> Material provided:
___
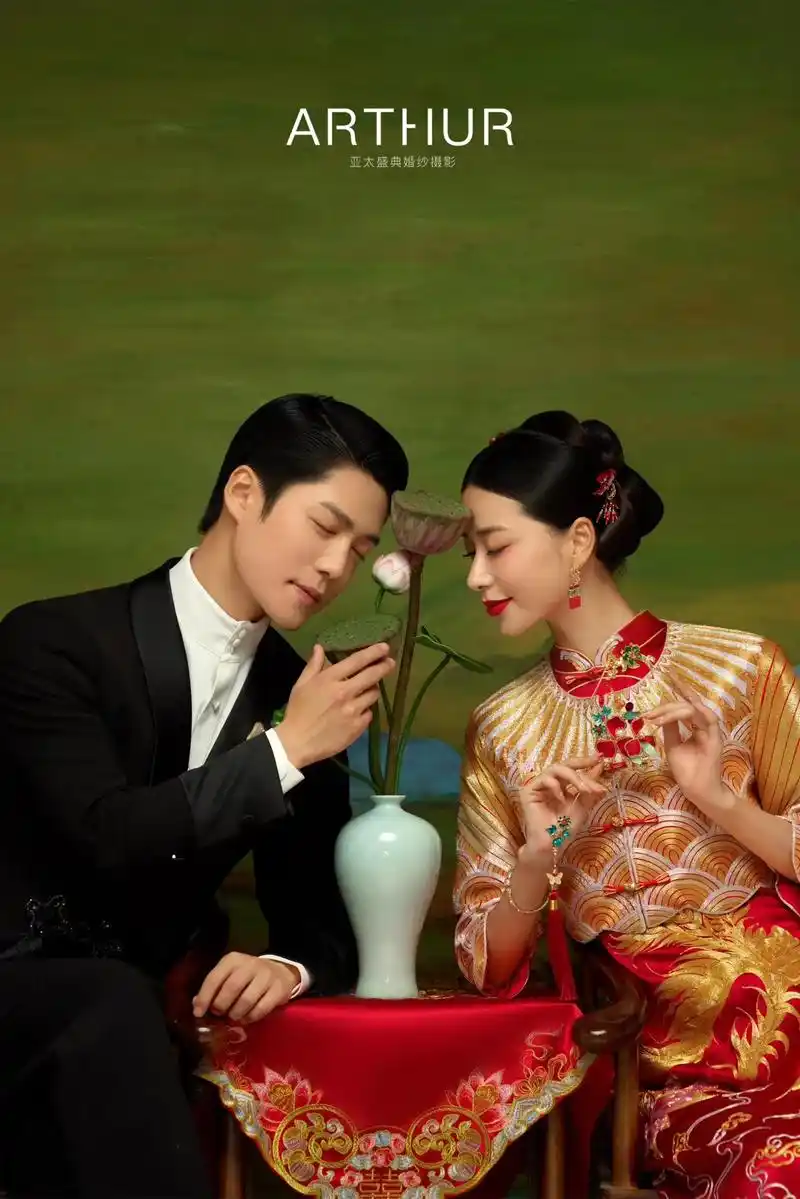 何超莲同款秀禾服|凤羽莲步 精致苏绣,明星嫁衣 尽显优雅东风魅力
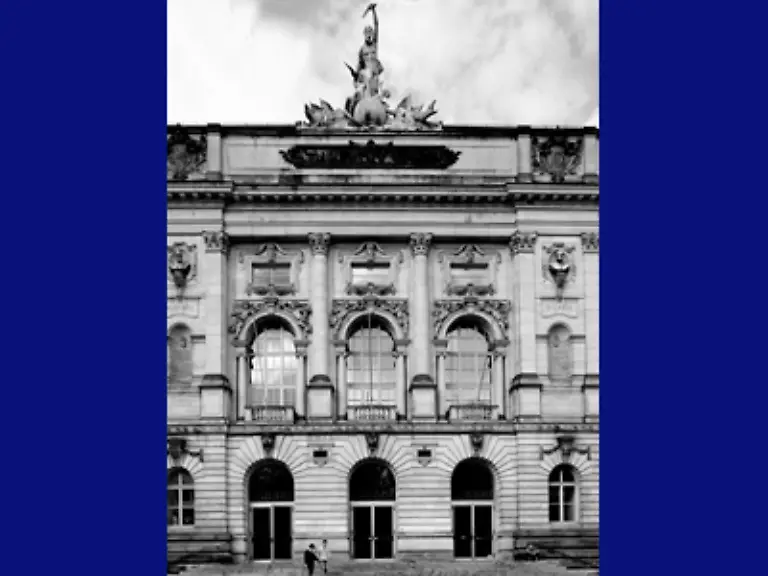 Nach-dem-Abitur-studiert-er-Betriebswirtschaft-und-Mathematik-zunaechst-an-der-Uni-Wuerzburg-Bild-spaeter-in-Muenchen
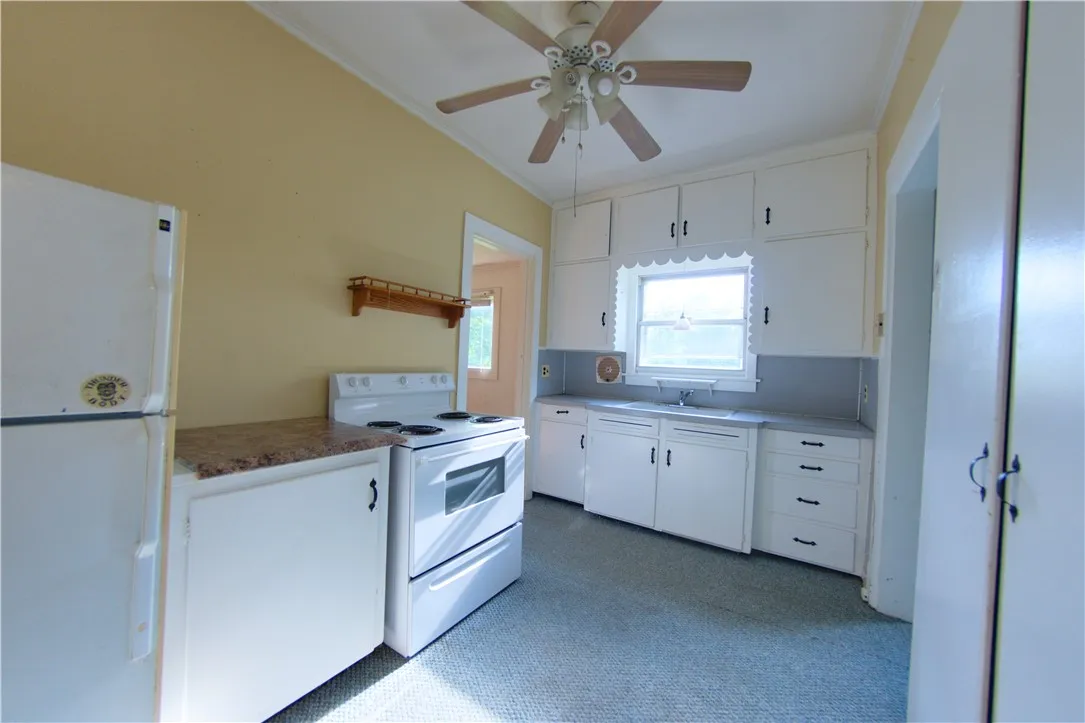 21 Linden Street, Livonia, New York 14487, Livonia, New York 14487, 4 Bedrooms Bedrooms, ,2 BathroomsBathrooms,Residential,For Sale,21 Linden Street, Livonia, New York 14487,R1623843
___
What you hand back should match the listing exactly, except that no pictures appear.

 何超莲同款秀禾服|凤羽莲步 精致苏绣,明星嫁衣 尽显优雅东风魅力
 Nach-dem-Abitur-studiert-er-Betriebswirtschaft-und-Mathematik-zunaechst-an-der-Uni-Wuerzburg-Bild-spaeter-in-Muenchen
 21 Linden Street, Livonia, New York 14487, Livonia, New York 14487, 4 Bedrooms Bedrooms, ,2 BathroomsBathrooms,Residential,For Sale,21 Linden Street, Livonia, New York 14487,R1623843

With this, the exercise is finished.